Les origines de cette dérive sont elles aussi lointaines. Une réflexion profonde du grand bibliste luthérien Heinrich Schlier, qui s’est ensuite rallié au catholicisme, soulevait, déjà dans les lointaines années cinquante, la corrélation entre une perte de la certitude du fondement surnaturel de l’Église (réel et subsistant dans le Christ) et une hypertrophie substitutive d’organisations et de structures, plus ou moins réformatrices ou issues d’en bas.

Les « révolutions », on le sait, produisent des bureaucraties. Dans le « Bref compte-rendu » de son propre parcours vers l’Église catholique – « où même les hommes s’agenouillent » -, le grand exégète écrivait que désormais (1953) dans l’Église évangélique « sur le dogme, en termes de discipline, c’est une bureaucratie ecclésiale qui décide ». Et il mettait en garde que cela, que je qualifierais d’extrinsécisme réformiste, tentait également l’Église catholique qu’il aimait tant. Et c’est en effet non seulement l’aboutissement prévisible du « Chemin synodal » d’Allemagne, c’est déjà sa manière de faire.

La démarche du cardinal Marx, qu’il en soit conscient ou pas, s’inscrit dans ces aléas de l’Église allemande et les encourage.

2. C’est ce que j’écrivais d’abord sur la lettre papale en réponse à Marx du 10 juin dernier. À son sujet, on peut tout de suite observer trois choses : (a) le Pape, prenant à la lettre l’argumentation du cardinal de Munich, amplifie le thème de la catastrophe ecclésiale (« la triste histoire des abus sexuel ») et en sature même son propre texte ; (b) il semble également dire à son confrère : puisque tu n’es pas le seul dans l’Église à en souffrir, aie comme les autres le courage de résister, de faire front ; et il lui dit encore (c) d’aller de l’avant, en tant que pasteur, dans le désert de la consolation et de la croix, parce « ce ne sont pas les enquêtes qui nous sauveront » (les coûteuses « Untersuchungen » sur la pédophilie commandées par l’Église allemande et des experts externes) ni « le pouvoir des institutions ».

La réponse du Pape, en refusant sa démission, s’inscrit donc dans un parcours de changement non pas institutionnel mais personnel. Aux préoccupations de Marx, François répond par l’invitation à « mettre en jeu sa propre chair », à ne pas succomber aux « idéologies de réformes ».

Des paroles judicieuses, étant donné qu’à Rome, on est à court d’idées pour faire face aux évêques allemands et à leur inquiétant « Chemin synodal ». Mais nous devons êtres en désaccord quand le Pape lui-même, comme le cardinal Marx, insiste sur l’idée que « l’Église ne plus faire un pas en avant sans accepter cette crise ». Non seulement parce qu’elle est solidement fondée en Christ mais parce que d’infinies âmes vivent dans la Communion des saints sur la terre et sans trouver d’obstacle à la charité dans le péché de certains prêtres.

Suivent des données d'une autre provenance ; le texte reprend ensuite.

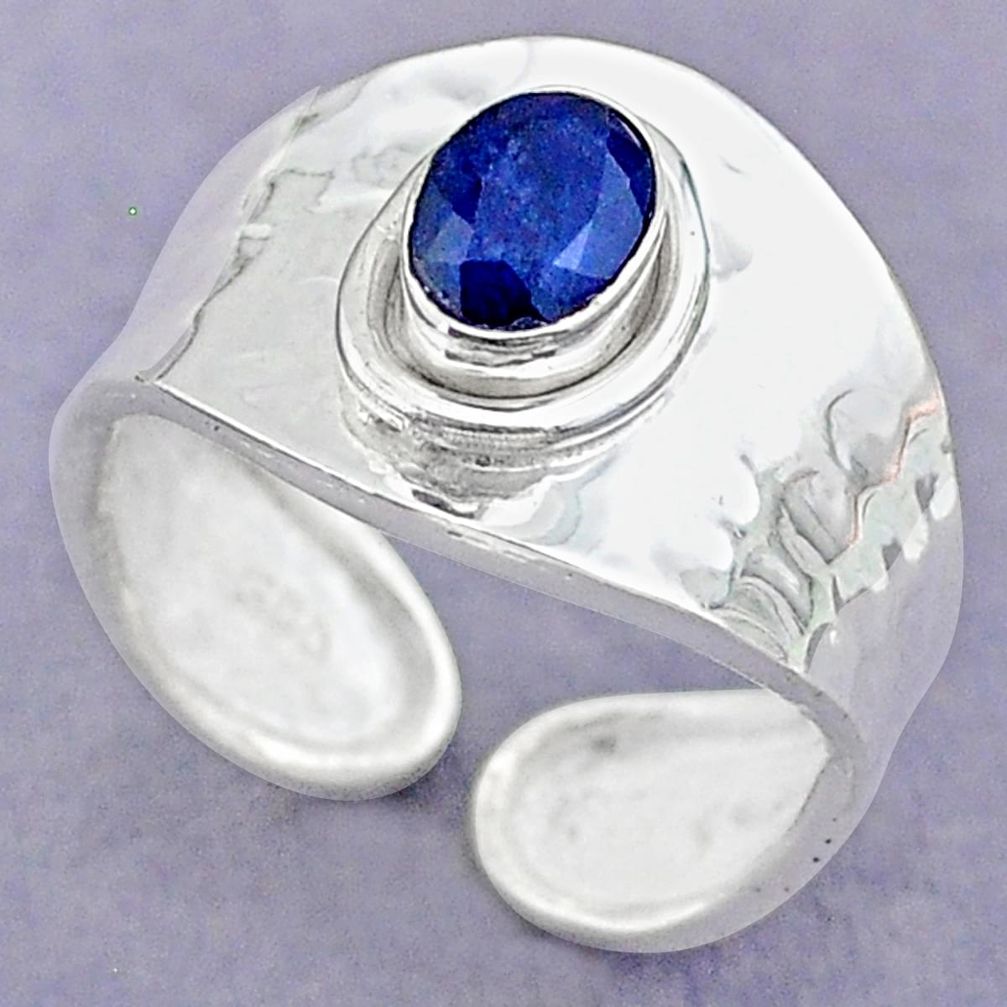 1.54cts solitaire natural blue sapphire adjustable ring size 8 t32147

La « confession de la nudité » – « j’ai péché ! » – telle qu’elle s’exprime avec des images justes dans la lettre du Pape, appartient à toutes les âmes qui portent leur croix. Mais il est infécond et mensonger de salir le corps tout entier de la sainte Église dans un « mea culpa » théâtral, pour parer les coups d’une idéologie mondiale qui n’a aucune dignité de jugement mais qui a la force du Calomniateur. Voir à ce sujet l’affaire récente des dénonciations lancées contre l’école catholique canadienne d’il y a plus d’un siècle (le cas des Indian Residential Schools), considérées à la légère comme crédibles.

Le Saint-Père doit se protéger de la naïveté de ceux qui, dans l’Église, confondent cette agressive culture anticatholique avec « les vastes domaines de l’expérience et du savoir humain » dont la foi et l’Église devraient apprendre.